Slow loading kernel to GPU

Hi guys,

I’m just getting my feet wet with this, and I’m kind of surprised how long it is taking to load the kernel to the GPU. I have a function that takes 40 microseconds to execute on a core2duo quad at 3ghz that is threaded with openmp and vectorized using the intel compiler. I did a very naive threading in CUDA, with 512 threads and was surprised to see that it was at 60 microseconds. So, I created a blank kernel function

// setup execution parameters

    dim3 grid(1, 1, 1);

    dim3 threads(num_threads, 1, 1);


    for(int i = 0; i < 100000; i++)


  blank<<<grid, threads>>>();



__global__ void blank()



and this alone takes (when averaged) 30 microseconds per call. So, the naive implementation was faster, but the overall function call was slower. Now, this function gets run hundreds of millions of times so there is room for savings. But, some logic from a very complicated class has to be applied after each iteration, so I can’t group these in the kernel function. So, I have a couple of questions.

  1. Is this load time normal?

  2. Is there anyway to get around this?

I am using the beta sdk on windows vista with a geforce 8600 GT and the beta driver from the 2.0 sdk download. If you can help, I would greatly appreciate it.

~ Steve

The overhead that you are seeing is fairly typical. You need to batch more work in a kernel call to get any benefit from CUDA. If you have to, you could launch no more blocks than multiprocessors and use atomic operations in global memory to synchronize across thread blocks.

Thanks, I guess i had thought the overhead would be similar to openMP which really isn’t so bad.

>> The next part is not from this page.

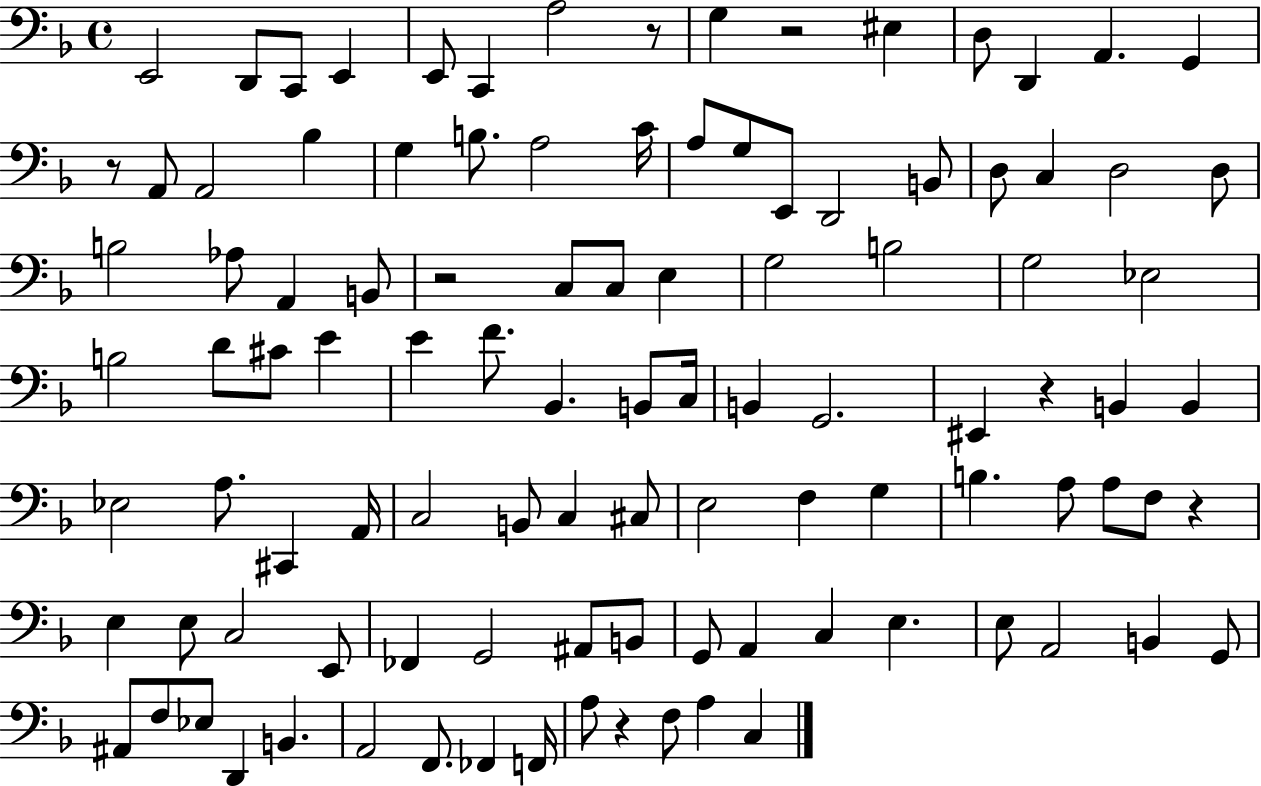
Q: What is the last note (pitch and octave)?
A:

Yeah, it’s the difference between context switching and synchronization among threads on the CPU, and making calls out to a card sitting on the much slower and higher latency PCI Express bus.

I think I was asking essentially the same over there.

So, … is there a difference between (runtime):

for ( i=0; i<N; ++i ) {

blank<<<grid, threads>>>();


and direct use of driver:

cuModuleLoad( &mod );

cuModuleGetFunction( &func, mod );

for ( i=0; i<N; ++i ) {

cuLaunchGrid( func, … );


Naturally, that cannot help with PCI-e, and hopefully the runtime is smart. (Is it?)

Machine: Sun Ultra 40 M2 / CentOS 5.1 / CUDA 1.1
I get 12.6us time per empty kernel call. That’s a little faster than your 30, but nothing to be excited about. I’m going to try CUDA 2.0 a little later and see if the situation is any different.

The unfortunate truth of GPU computing is that they are ill-suited to “small” problems because of this launch overhead. Run a kernel that takes several milliseconds and the overhead is minuscule in comparison.

You mention that a complicated class needs to perform operations in between each iteration. Does that mean you also need to copy some data to/from the device each time? That will hurt even more than the kernel call overhead.

I’m on 2.0, so maybe it was better under 1.1.

The portion I need to move back is only 16 bytes. 12.6 would even give me hope that I could get a 25% speedup if I really optimized, and 25% off of 5 hours would be great. I hope they eventually move this into a high level API similar to OpenMP that can be used from C++.

On the same machine, CUDA 2.0 improves the time to ~11.9us (yes this was tested over multiple runs: fluctuations are +/- 0.2us).

Thanks for the measurement, maybe its a bios issue

It is Vista vs Linux

Thanks for answering. Is there any chance that it will improve to be similar, or is it an inherent Vista limitation?

Vista support is still in beta, so there is room for improvements. Some limitations are coming from the OS, but we are working to get the best possible performances.